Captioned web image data
------------------------
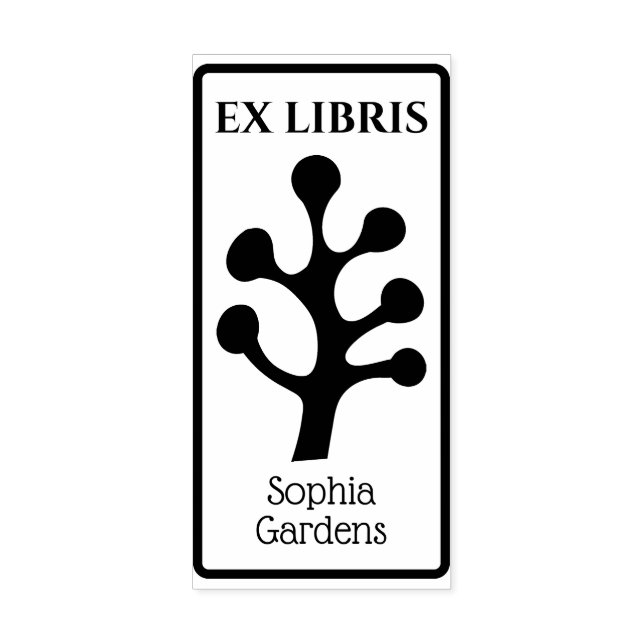 Ex Libris Abstrakt Träd/Växt 03 Gummistämpel Stämpel (Tryck)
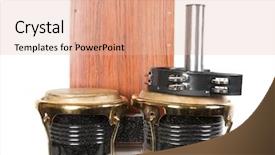  Presentation with music instruments - Beautiful PPT theme featuring cajon - set from music percussion instruments backdrop and a lemonade colored foreground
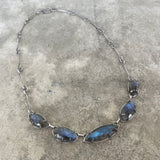 5 piece marquise labradorite necklace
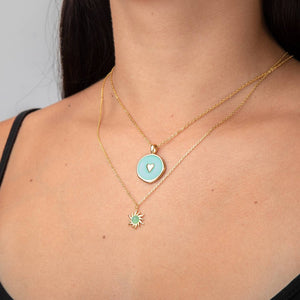 Flashy Heart Halskette | Gold | 4 versch. Farben - Piercd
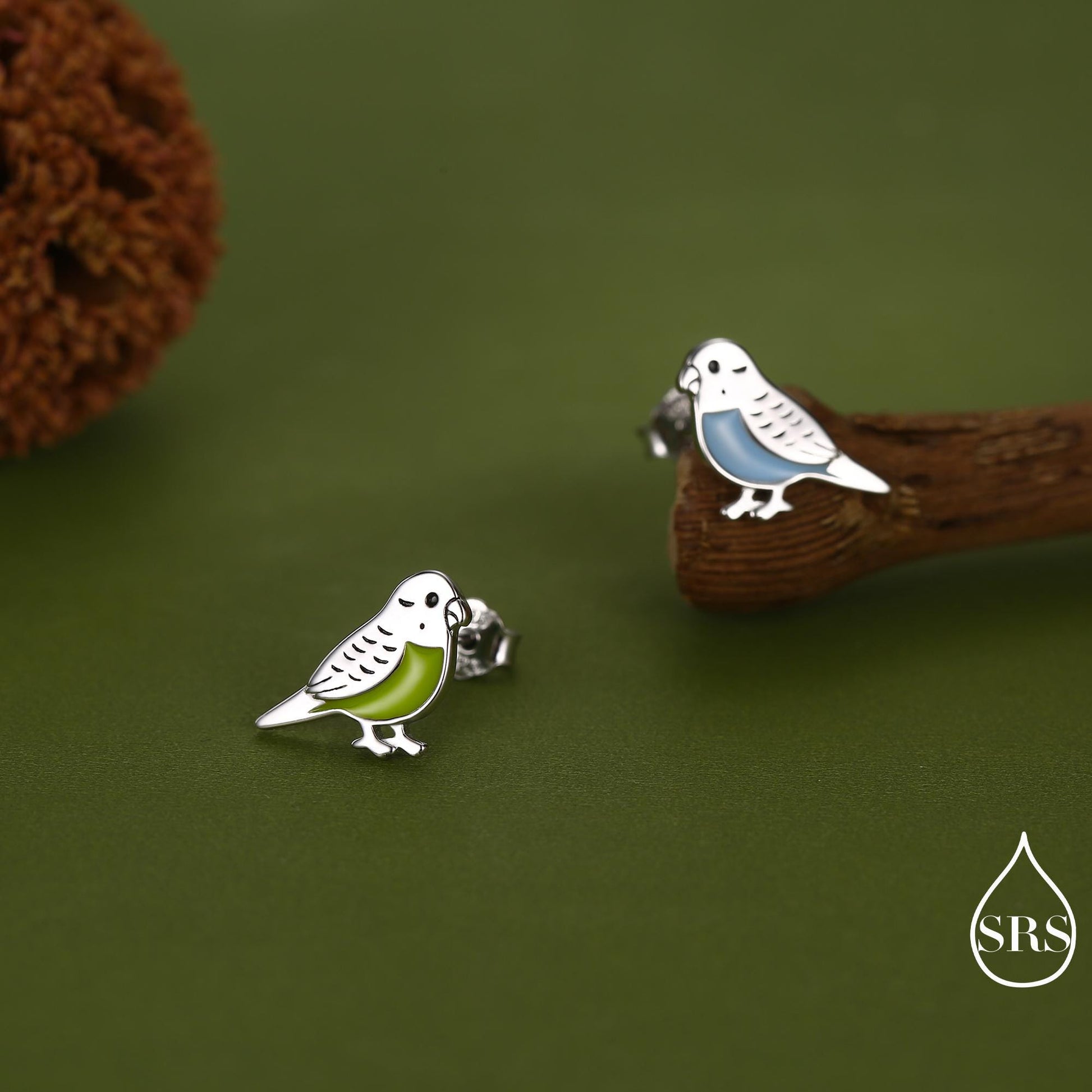Sterling Silver Enamel Budgie Stud Earring, Mismatched Pair Green and Blue Pet parakeets Earrings, Nature Inspired Animal Jewellery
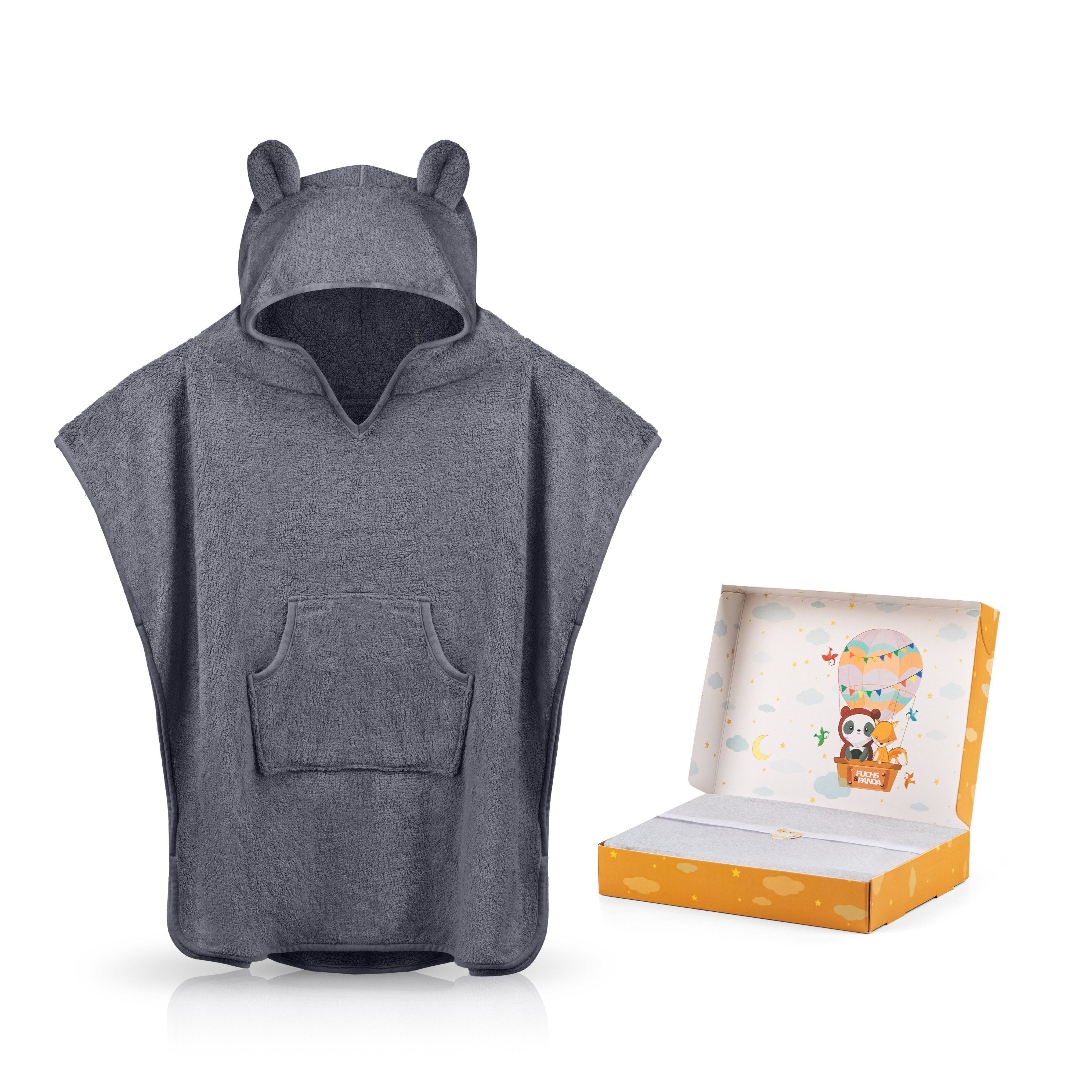 Fuchs & Panda Badeponcho Kuscheliger Badeponcho Baby und Kinder (0-4Jahre) aus 100% Bambus, 100% Bambus: Antimikrobiell, Atmungsaktiv, Hypoallergen, Superweich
------------------------
▶ _Task statement_
The required output is the lines from the one containing "Presentation with music" through the end of the records above, reproduced exactly, with no pictures.

▶ _Answer section_
  Presentation with music instruments - Beautiful PPT theme featuring cajon - set from music percussion instruments backdrop and a lemonade colored foreground
 5 piece marquise labradorite necklace
 Flashy Heart Halskette | Gold | 4 versch. Farben - Piercd
Sterling Silver Enamel Budgie Stud Earring, Mismatched Pair Green and Blue Pet parakeets Earrings, Nature Inspired Animal Jewellery
 Fuchs & Panda Badeponcho Kuscheliger Badeponcho Baby und Kinder (0-4Jahre) aus 100% Bambus, 100% Bambus: Antimikrobiell, Atmungsaktiv, Hypoallergen, Superweich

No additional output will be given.